*Task to carry out*. Word for word, transcribe the listing that follows, minus any pictures.

*Data extract*.
=-=-=-=-=

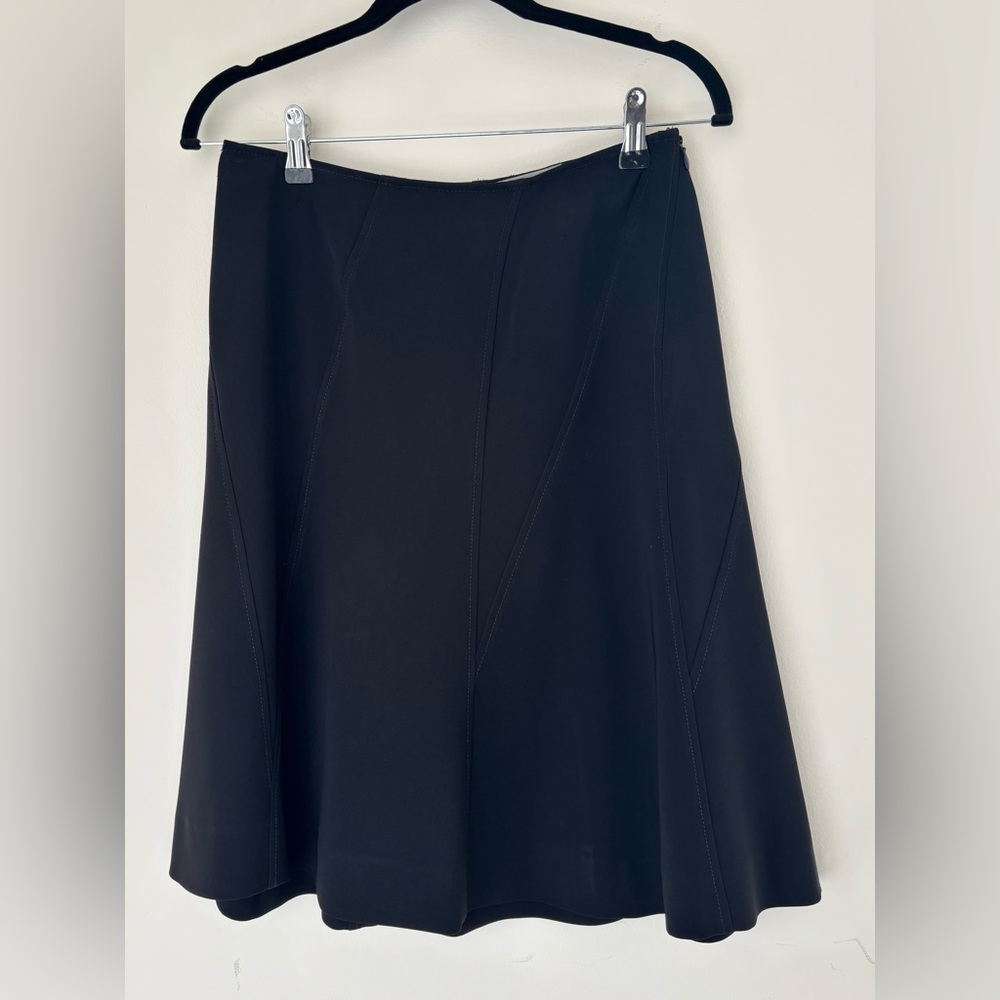MaxMara Black Midi A-Line Skirt with seamed panel detailing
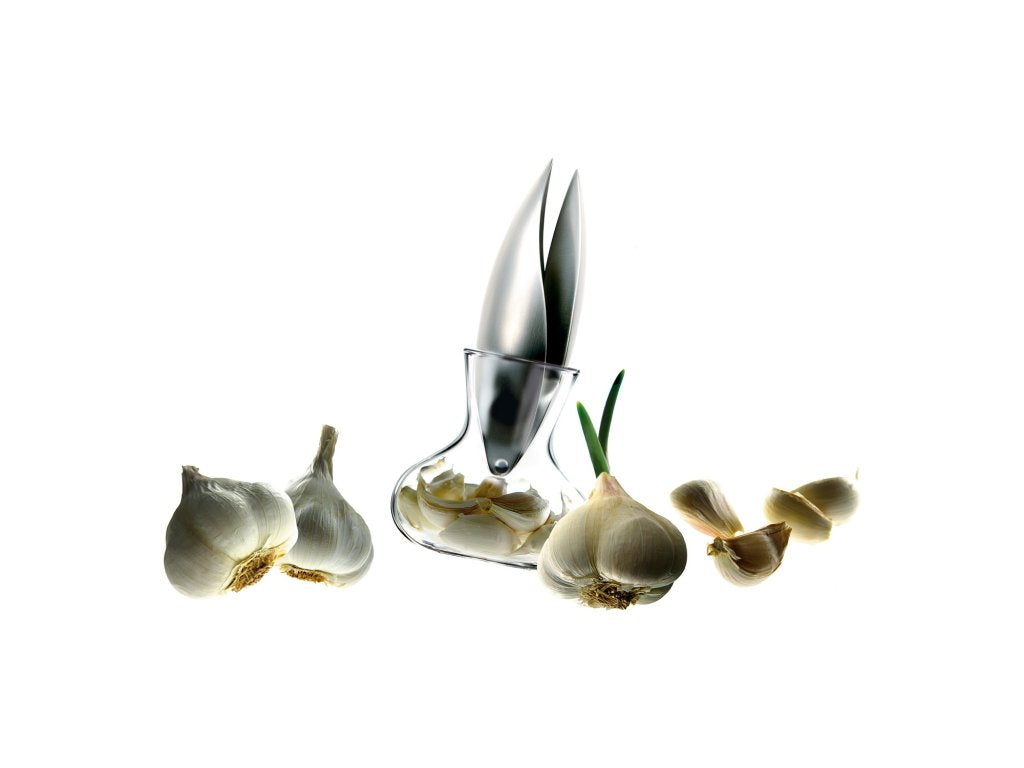 Eva Solo Vitlökspress, med glasbehållare, rostfritt stål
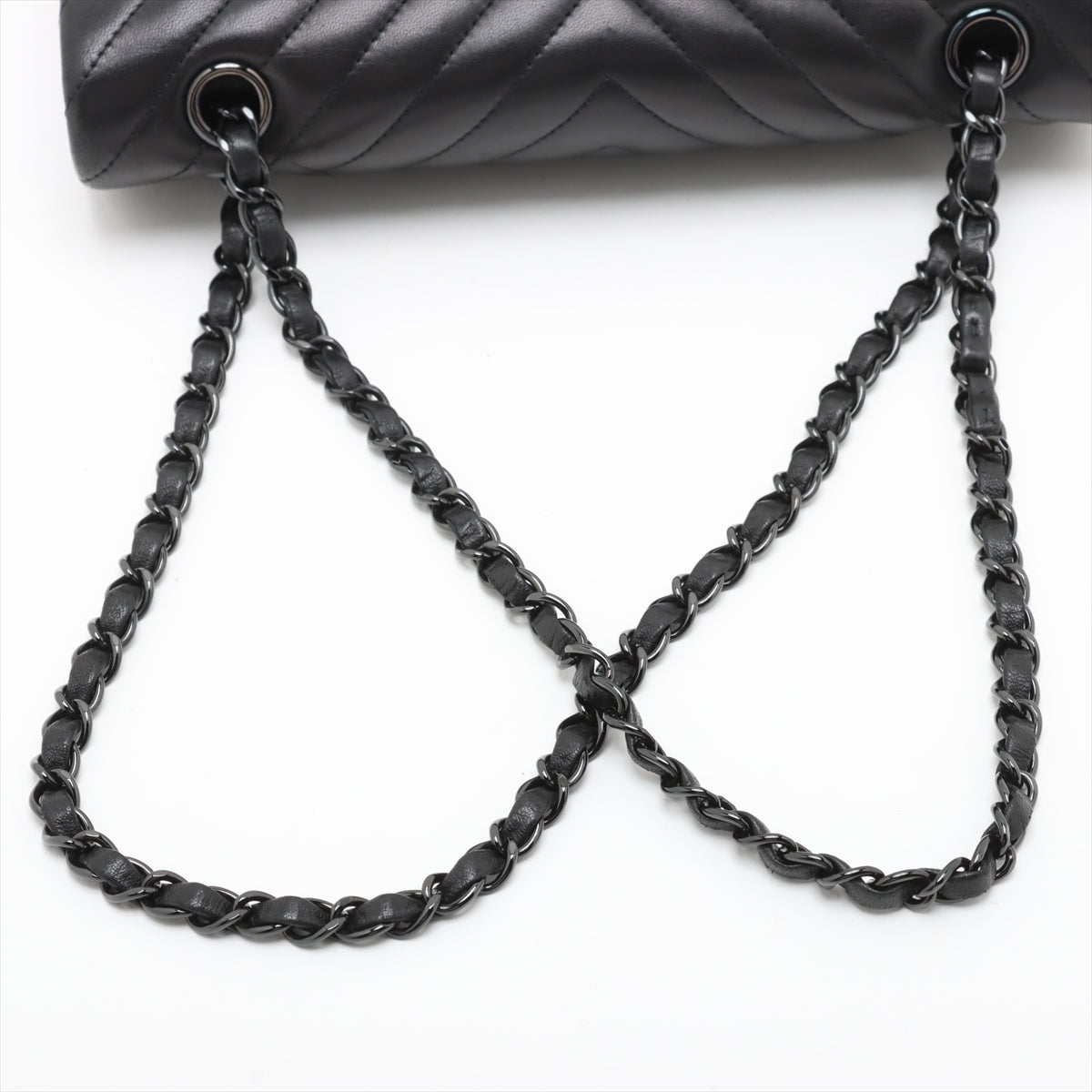 Classic Double Flap Medium Lambskin Leather Chevron Shoulder Bag Black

=-=-=-=-=

*Answer for this exercise*.
MaxMara Black Midi A-Line Skirt with seamed panel detailing
 Eva Solo Vitlökspress, med glasbehållare, rostfritt stål
 Classic Double Flap Medium Lambskin Leather Chevron Shoulder Bag Black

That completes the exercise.